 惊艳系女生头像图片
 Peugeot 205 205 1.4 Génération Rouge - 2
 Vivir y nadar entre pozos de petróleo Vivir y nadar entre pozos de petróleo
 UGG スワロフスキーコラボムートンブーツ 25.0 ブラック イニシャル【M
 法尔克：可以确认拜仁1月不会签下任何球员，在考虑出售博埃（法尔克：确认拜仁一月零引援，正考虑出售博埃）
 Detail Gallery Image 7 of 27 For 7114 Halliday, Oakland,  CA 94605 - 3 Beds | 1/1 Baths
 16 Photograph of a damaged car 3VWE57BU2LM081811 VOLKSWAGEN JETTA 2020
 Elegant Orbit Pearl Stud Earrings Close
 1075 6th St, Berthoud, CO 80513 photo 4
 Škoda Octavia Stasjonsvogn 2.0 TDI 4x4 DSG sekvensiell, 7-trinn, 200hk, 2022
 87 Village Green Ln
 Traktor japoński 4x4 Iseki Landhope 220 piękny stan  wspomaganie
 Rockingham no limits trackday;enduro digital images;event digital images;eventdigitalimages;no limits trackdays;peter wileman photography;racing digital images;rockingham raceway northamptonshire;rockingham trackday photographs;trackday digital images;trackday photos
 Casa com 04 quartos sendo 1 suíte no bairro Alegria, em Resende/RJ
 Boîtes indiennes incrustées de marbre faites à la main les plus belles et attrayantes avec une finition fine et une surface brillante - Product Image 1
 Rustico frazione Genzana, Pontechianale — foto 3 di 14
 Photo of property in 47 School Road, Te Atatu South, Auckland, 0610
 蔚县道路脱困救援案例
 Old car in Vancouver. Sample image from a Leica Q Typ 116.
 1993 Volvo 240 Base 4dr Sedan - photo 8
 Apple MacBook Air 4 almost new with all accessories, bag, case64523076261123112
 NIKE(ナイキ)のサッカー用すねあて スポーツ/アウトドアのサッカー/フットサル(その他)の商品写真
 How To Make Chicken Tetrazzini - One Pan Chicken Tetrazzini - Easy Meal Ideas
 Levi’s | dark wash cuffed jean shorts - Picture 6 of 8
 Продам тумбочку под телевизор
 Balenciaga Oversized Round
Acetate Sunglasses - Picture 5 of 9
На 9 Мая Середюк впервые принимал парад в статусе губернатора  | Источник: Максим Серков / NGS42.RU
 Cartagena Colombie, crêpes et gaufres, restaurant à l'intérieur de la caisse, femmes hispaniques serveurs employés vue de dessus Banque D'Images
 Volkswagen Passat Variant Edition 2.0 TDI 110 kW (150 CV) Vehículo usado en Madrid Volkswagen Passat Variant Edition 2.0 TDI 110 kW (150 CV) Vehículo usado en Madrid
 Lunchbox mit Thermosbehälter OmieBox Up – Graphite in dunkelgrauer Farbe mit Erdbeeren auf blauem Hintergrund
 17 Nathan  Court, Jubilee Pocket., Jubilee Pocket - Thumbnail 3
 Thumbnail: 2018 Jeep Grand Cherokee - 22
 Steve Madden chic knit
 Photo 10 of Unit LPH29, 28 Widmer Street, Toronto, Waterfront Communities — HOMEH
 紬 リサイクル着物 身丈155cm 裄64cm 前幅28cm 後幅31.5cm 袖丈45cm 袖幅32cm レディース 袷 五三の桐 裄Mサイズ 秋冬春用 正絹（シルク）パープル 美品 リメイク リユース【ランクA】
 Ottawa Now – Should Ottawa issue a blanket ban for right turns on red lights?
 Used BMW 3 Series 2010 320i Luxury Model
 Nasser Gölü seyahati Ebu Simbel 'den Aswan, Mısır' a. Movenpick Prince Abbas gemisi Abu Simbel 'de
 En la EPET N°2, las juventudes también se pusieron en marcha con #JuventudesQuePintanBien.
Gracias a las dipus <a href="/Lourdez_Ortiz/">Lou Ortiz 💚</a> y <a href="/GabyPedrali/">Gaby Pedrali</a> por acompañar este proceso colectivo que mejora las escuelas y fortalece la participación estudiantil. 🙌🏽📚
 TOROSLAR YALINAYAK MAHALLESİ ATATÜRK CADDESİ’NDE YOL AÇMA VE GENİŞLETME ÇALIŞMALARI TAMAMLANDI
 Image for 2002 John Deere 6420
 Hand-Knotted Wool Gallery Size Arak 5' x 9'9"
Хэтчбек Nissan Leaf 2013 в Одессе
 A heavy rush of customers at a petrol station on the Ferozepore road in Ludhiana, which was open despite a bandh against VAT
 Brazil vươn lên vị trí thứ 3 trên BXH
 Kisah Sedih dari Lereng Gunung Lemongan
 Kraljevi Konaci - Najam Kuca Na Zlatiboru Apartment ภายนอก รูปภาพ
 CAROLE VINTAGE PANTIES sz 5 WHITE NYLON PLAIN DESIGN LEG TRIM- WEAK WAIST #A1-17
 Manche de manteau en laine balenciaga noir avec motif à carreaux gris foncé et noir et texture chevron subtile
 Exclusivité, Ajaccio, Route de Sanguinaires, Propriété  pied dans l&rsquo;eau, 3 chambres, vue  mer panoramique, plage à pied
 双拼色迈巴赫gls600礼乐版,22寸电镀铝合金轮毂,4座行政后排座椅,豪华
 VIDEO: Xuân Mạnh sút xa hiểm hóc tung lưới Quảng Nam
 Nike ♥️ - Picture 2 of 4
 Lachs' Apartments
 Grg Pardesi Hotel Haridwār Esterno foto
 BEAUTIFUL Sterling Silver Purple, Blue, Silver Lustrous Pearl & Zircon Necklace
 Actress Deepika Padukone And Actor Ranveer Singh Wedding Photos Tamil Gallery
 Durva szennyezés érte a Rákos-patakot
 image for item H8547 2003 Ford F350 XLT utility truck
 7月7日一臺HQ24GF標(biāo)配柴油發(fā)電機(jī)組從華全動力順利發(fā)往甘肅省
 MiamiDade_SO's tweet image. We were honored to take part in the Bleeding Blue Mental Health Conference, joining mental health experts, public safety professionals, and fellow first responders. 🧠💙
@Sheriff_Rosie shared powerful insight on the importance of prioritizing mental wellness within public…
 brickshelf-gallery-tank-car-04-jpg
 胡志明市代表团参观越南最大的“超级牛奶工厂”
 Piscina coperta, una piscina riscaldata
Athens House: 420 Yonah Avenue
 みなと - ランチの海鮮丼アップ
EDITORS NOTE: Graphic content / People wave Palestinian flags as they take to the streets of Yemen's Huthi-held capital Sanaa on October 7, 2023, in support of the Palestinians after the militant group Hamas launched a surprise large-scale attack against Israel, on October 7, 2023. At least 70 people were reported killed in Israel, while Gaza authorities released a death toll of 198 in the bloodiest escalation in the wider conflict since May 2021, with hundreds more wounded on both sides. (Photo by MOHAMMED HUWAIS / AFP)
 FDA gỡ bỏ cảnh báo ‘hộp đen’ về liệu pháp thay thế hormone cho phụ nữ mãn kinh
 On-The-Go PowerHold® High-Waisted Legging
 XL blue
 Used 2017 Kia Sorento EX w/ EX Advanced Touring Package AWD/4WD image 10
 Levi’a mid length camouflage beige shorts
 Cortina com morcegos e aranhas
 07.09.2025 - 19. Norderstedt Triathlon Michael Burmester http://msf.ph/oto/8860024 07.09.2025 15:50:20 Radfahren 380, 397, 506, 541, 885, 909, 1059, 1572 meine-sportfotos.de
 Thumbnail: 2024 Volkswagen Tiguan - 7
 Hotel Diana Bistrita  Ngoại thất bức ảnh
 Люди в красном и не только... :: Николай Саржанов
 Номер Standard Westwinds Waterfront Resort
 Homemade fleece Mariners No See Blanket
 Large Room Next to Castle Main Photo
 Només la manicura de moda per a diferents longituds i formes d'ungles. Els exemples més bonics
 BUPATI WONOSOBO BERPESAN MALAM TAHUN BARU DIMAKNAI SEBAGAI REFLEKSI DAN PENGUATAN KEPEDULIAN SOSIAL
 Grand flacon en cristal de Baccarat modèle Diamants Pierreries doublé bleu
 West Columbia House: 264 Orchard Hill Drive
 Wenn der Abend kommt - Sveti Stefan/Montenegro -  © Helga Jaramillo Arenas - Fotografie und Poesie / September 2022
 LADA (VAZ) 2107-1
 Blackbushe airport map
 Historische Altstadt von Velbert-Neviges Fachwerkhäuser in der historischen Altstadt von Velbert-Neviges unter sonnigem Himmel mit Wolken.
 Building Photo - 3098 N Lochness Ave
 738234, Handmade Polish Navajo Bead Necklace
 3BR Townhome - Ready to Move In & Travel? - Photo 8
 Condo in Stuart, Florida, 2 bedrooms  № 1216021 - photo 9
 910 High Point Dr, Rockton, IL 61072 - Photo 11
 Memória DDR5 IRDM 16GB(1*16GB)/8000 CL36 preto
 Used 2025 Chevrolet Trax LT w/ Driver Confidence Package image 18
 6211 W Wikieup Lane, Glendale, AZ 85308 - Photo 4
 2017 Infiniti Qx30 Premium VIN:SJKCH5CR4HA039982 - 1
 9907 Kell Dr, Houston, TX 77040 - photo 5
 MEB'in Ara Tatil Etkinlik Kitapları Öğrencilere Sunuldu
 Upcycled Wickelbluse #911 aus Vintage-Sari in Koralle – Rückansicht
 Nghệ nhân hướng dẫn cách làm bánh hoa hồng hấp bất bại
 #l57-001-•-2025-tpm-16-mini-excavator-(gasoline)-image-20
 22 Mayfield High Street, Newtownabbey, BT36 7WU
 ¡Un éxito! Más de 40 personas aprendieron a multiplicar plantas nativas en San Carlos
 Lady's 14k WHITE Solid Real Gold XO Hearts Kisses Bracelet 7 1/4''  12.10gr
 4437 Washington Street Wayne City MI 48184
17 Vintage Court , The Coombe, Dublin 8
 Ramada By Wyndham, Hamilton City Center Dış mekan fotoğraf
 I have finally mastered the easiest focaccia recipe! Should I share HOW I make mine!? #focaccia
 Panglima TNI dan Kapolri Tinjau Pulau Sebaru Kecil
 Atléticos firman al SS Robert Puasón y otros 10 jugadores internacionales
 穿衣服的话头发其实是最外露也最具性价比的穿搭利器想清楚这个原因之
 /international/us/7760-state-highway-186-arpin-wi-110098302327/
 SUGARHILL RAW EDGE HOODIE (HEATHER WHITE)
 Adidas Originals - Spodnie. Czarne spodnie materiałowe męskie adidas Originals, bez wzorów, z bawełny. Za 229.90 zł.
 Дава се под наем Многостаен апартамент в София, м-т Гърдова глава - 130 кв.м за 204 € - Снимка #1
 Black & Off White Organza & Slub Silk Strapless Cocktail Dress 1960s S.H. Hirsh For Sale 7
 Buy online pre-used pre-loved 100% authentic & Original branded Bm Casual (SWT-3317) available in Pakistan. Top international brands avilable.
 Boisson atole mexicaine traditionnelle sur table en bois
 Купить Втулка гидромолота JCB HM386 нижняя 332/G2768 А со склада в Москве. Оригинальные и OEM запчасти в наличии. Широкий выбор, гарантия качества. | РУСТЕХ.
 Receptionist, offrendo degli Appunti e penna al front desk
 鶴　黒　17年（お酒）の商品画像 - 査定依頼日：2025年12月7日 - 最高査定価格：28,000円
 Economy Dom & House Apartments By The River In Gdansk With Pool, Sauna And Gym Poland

***

[TASK BRIEF] Above are the records; copy every line in them that holds the word "Hotel".

[ANSWER TO THE EXERCISE]
 Grg Pardesi Hotel Haridwār Esterno foto
 Hotel Diana Bistrita  Ngoại thất bức ảnh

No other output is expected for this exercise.